A new generation of multi-channel marketing and customer service automation solutions, such as HTK’s Horizon platform, help to unlock the customer interaction potential of CRM, enabling a more personalised approach to customer service and marketing automation.

With the sheer volume of incoming communications, many businesses find it hard to differentiate between important calls and messages that need to be actioned immediately and those that have a lower priority. For large customer-facing organisations in particular, it is important to automatically recognise incoming customers along with their value and nature of the contact, be it an ongoing complaint, service renewal or late bill payment, for example. In the case of an inbound phone call, it should route them automatically to the right person, avoiding leaving them frustrated because they are waiting in the queue or navigating IVR menus. This streamlines the process and prevents wasting the valuable time of both the customer and the service operators.

For utilities and telecoms providers, it is also possible to use the same technology to play automated messages to update customers calling from a particular location that has been affected by a service outage, for example. The system can also intelligently ‘guess’ the most likely reason for a call if customers have just been sent their bills or specific personalised marketing promotions. Email and SMS messages can also be routed automatically based on knowledge built up about the customer. This makes customers feel valued and important. There is nothing more frustrating than getting the impression the company you have given your business to knows nothing about you.

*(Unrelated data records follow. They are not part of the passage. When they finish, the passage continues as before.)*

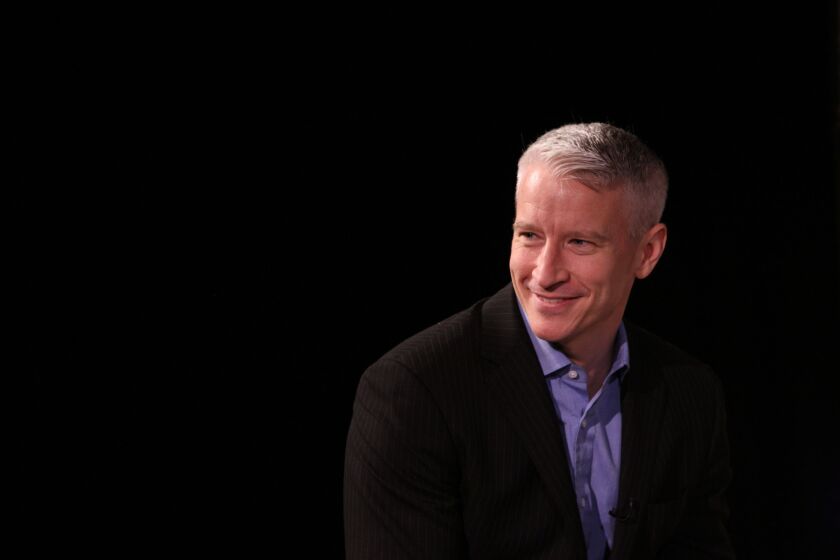CNN anchor Anderson Cooper, pictured, and documentarian Ken Burns both found out in an episode of Finding Your Roots" this season that in the 19th century, their family lines contained slaveholders.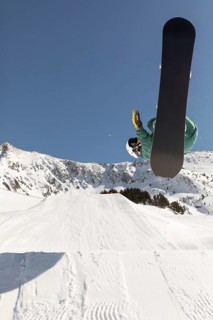 A snowboarder executes a thrilling aerial trick against a stunning mountainous backdrop, showcasing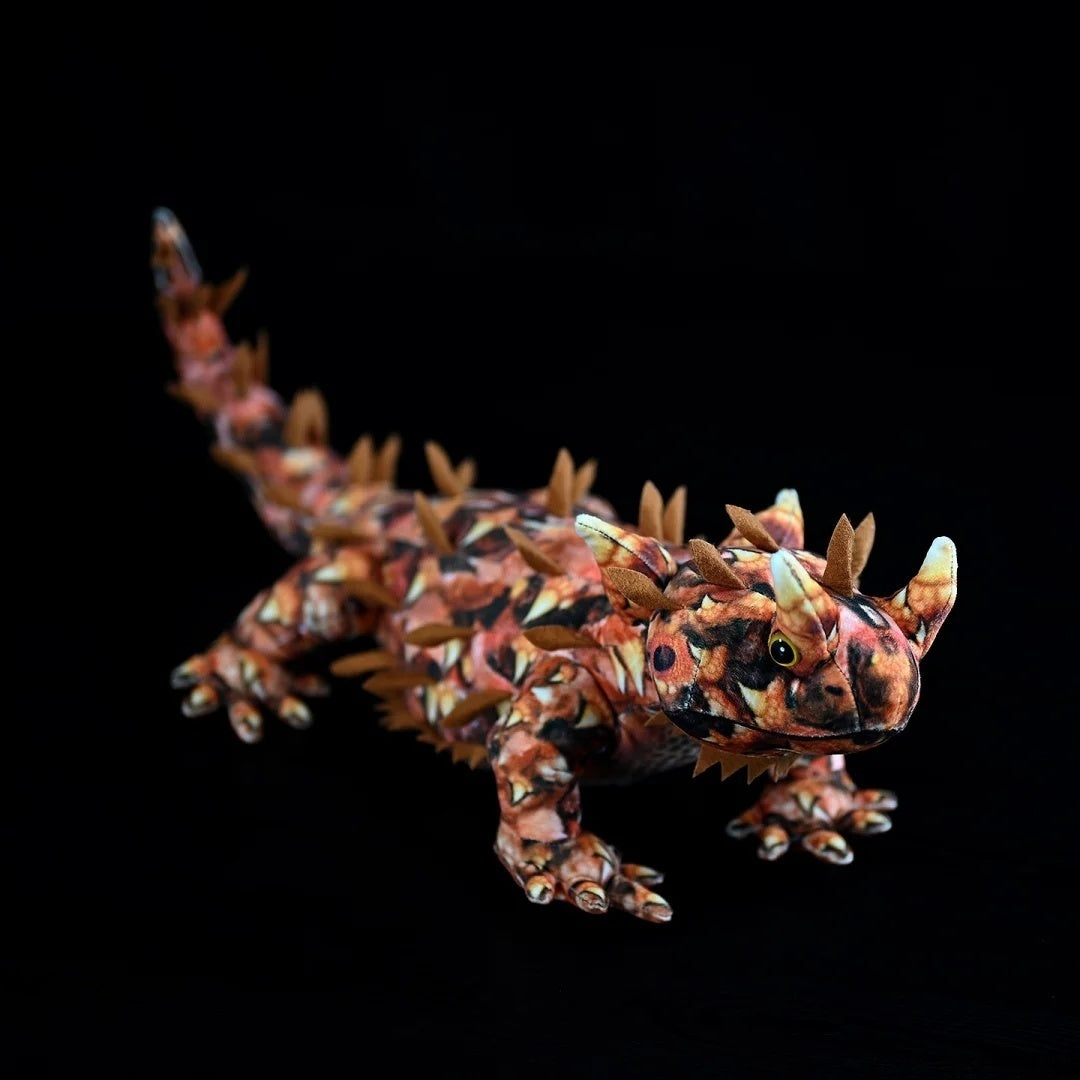 Realistic Thorny Devil Lizard Plush in a dynamic posture, featuring vibrant desert-inspired design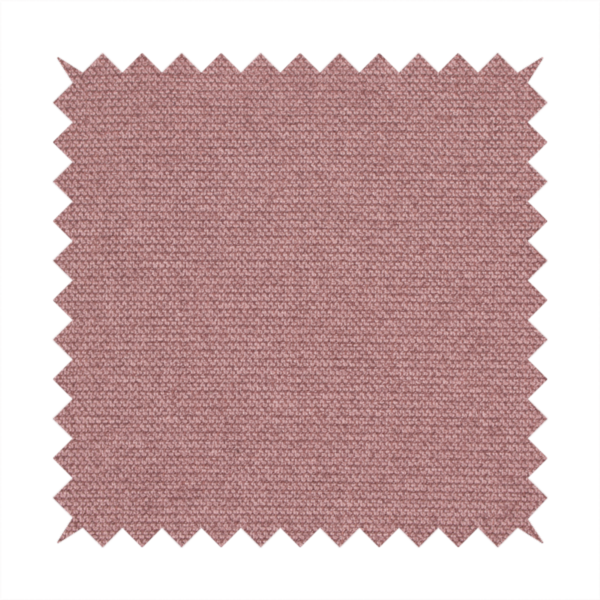 A textured dusty pink fabric with a tight, uniform weave.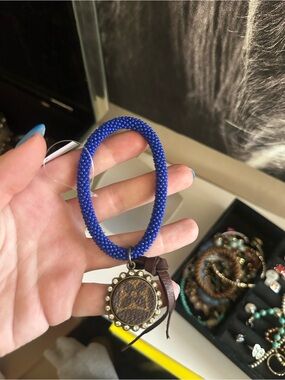Blue Beaded Bracelet with Brown Medallion Charm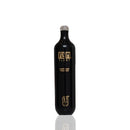 A black glass vape with gold lettering by Flum UT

With so many communication options, it is also essential to control the sequencing or interaction between different channels. An SMS that was sent after an email may actually be read first; or a phone call could be made before an earlier email has got to the right person or department. This not only leads to confusion and wasted time but may well end in the loss of the customer altogether if there is no knowledge of order between disparate communication systems. But by bringing it all together into one multi-channel platform, this can be easily achieved. 

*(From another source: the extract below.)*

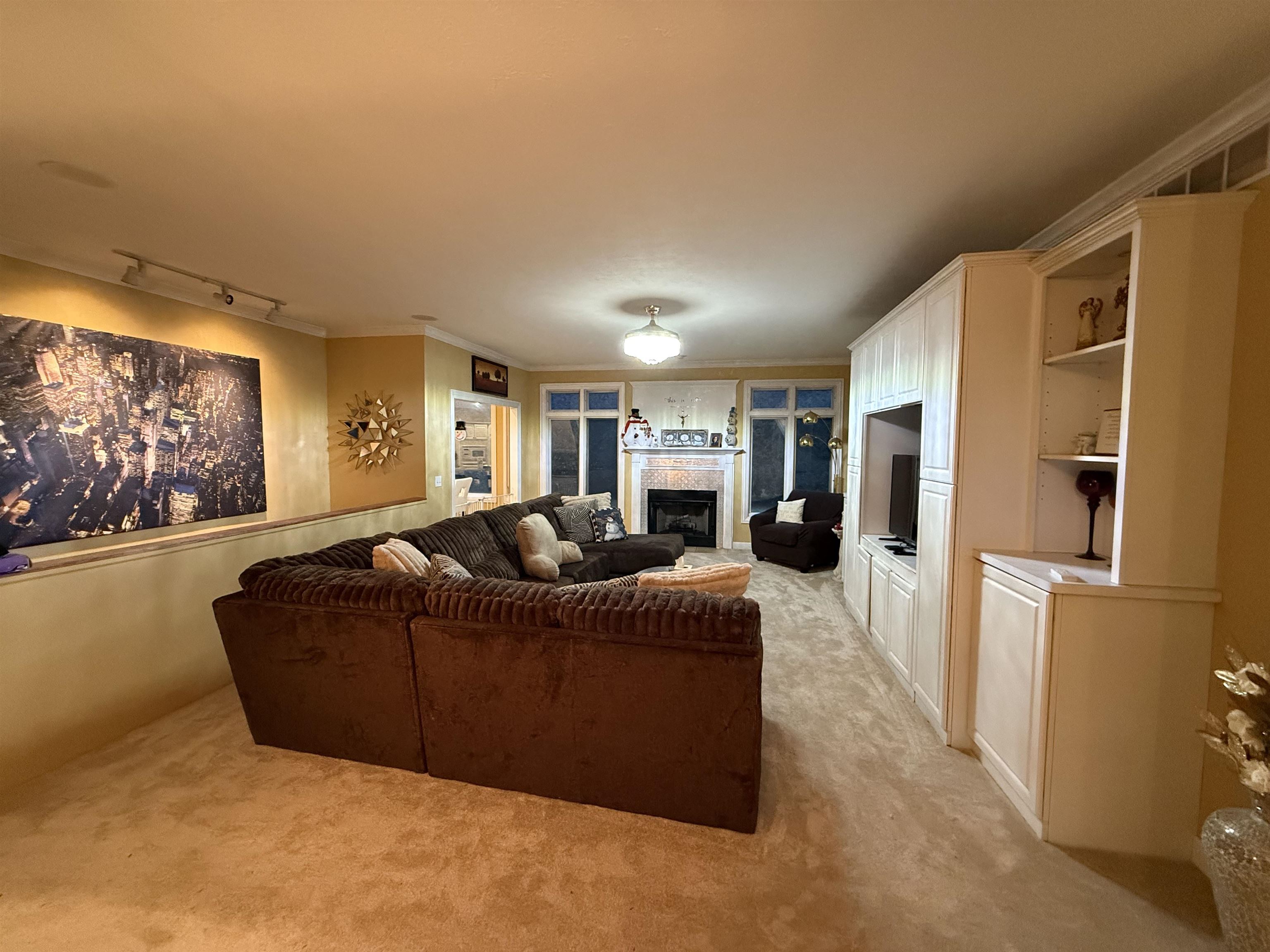 649 Roxbury Road Rockford, IL 61107 - Photo 9 of 19 a living room with furniture a large window and a flat screen tv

In the past, poorly executed automated communication technology has earned itself a bad name: obvious examples are spam emails, outbound voice marketing and complicated ‘press 1,2,3’ menus that seem to bear no relation to what the call is about. However,these technical capabilities that were originally introduced to cut costs can actually help deal with the communications overload and improve the entire customer experience. Instead of a random, obtuse email, how about a timely email with options when the customer’s contract is about to end; or an outbound message to let them know that their train is running late and an IVR menu that immediately offers to route them where they want to go? Suddenly, it’s a whole different picture; and it’s even better when the outbound method of communication is the one the customer chose in the first place.

It is only by integrating all customer communication into one cohesive platform integrated with CRM systems that businesses can truly harness the enormous potential of advances and variations in the communication channels. Once that is achieved, it is possible to personalise interaction to keep customers satisfied, deliver a whole new level of customer engagement and gain a competitive edge.